Peter Cooper was born in New York in 1791 when George Washington was in his first term as president. He died in 1883. He was one of the greatest American capitalists of the 19th century and a historically important innovator, but what made him a true visionary was his then-original and compassionate belief that having made a fortune, he needed to give much of it back to the community in which he lived. Born in modest means, he routinely gave his money to causes for the poor and political reform. In 1876, at the age of 85, he ran for president of the United States as the populist National Independent (Greenback) Party nominee.
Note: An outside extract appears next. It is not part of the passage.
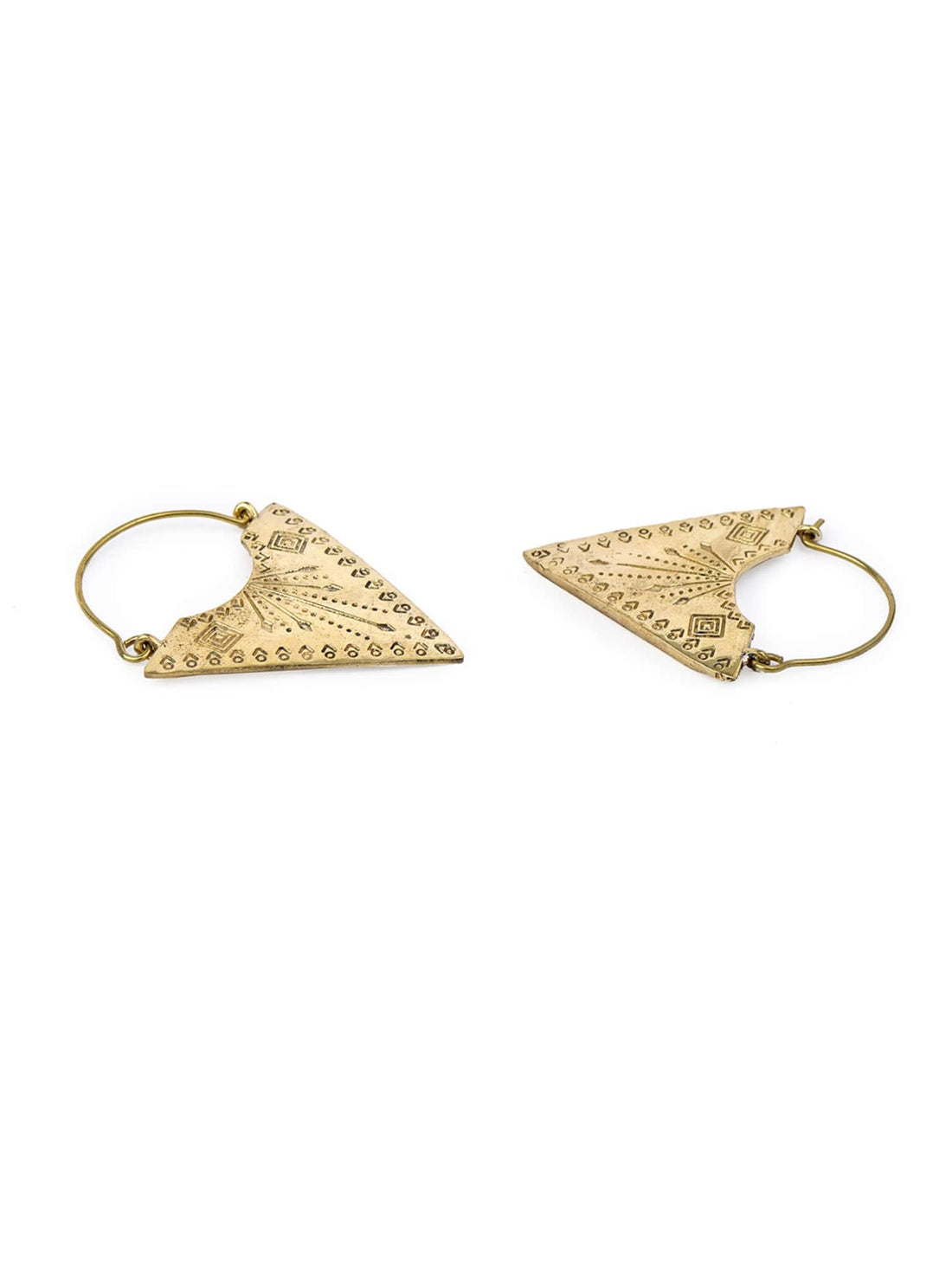 Party Wear Hoops Earrings - Tribal Triangle Gold-Plated Brass Earrings By Studio One Love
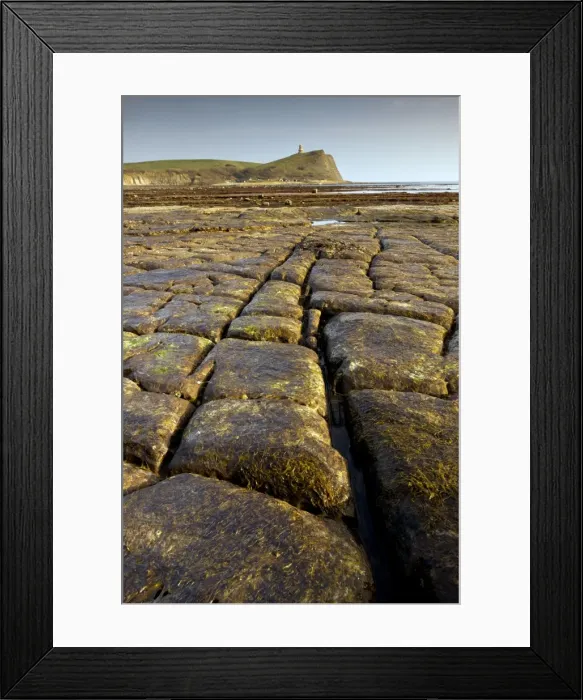 Framed Print : Eroded wave-cut platform - low tide - at Kimmeridge Bay - Dorset Framed Print : Eroded wave-cut platform - low tide - at Kimmeridge Bay - Dorset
He lost badly, but many of his then-radical ideas later became normal standards of public policy today.
His most lasting legacy and visible monument is a school and its building, the Cooper Institute (now Union), completed in 1858. It was then, and is now, a school of architecture, engineering, and fine arts. It was intended for the poor of New York who otherwise could not attend a college-level school. Then, as now, no student paid to attend its classes. The only requirement was ability. Men and women could enroll, as could the young and old. It also provided the only public library in the city of its kind, open to all. Since the day it opened, there has not ever been a student vacancy. It lists great artists and architects, famous engineers, and a Nobel prize winner among its graduates. Over the years, its faculty and students became more and more distinguished. Today, with 600 students, it is one of the finest schools of its kind in the nation.
But Peter Cooper had in mind an additional goal for Cooper Institute. In the building’s basement, he constructed a Great Hall, seating 1,100 persons, to be a forum for new and beneficial public ideas.
As was the subject of a recent AMAC Newsline article, the most famous speech given there was, of course, Abraham Lincoln’s two-hour address on the evening of February 27, 1860. Lincoln, at that moment, was the darkest horse for the Republican nomination for president in 1860. The new party, which had replaced the Whig Party in 1856, now had a good chance to elect a president because the crisis of the slavery issue had split the Democratic Party into a northern faction and a southern faction. Some New York Republicans, however, thought that their governor, William Seward, then the frontrunner for the GOP nomination, could not win the general election. To find another candidate, they planned a series of speeches, to be given by prominent Midwestern Republicans, including Lincoln, who they knew as a successful railroad attorney who had served only one term in Congress but had run impressively in an 1858 Senate race in Illinois against Stephen Douglas (who by 1860 was the almost certain Democratic nominee for president). Lincoln, however, could not come to New York for the scheduled autumn, 1859 speeches at the New York YMCA but was able to come in February 1860. The organizers moved the venue to the larger Cooper Union, opened only a year before, and agreed Lincoln could come in 1860.
After and because of his speech, Lincoln was nominated and then elected president.
Cooper Union continued to be a forum for important American speeches and ideas throughout the 19th century, the 20th century, and to the present time. After Lincoln’s speech, Susan B. Anthony, Horace Greeley, Mark Twain, Ulysses S. Grant, Robert Ingersoll, Victoria Woodhull, and Thomas Huxley spoke there. In recent years, Bill Clinton spoke there. In 2007, former Speaker of the House Newt Gingrich and former New York Governor Mario Cuomo, both then possible presidential candidates, held a nationally-televised debate in Cooper Union.
The full story of the remarkable Peter Cooper— a man who affected U.S. life and history in so many ways — is rarely told these days. He is not even mentioned in most school books. But his contributions and influence are no less, and perhaps more, than many who are.
As we look forward to the next presidential election, it is worth considering not just the professional political candidates but whether perhaps another popular tycoon will emerge.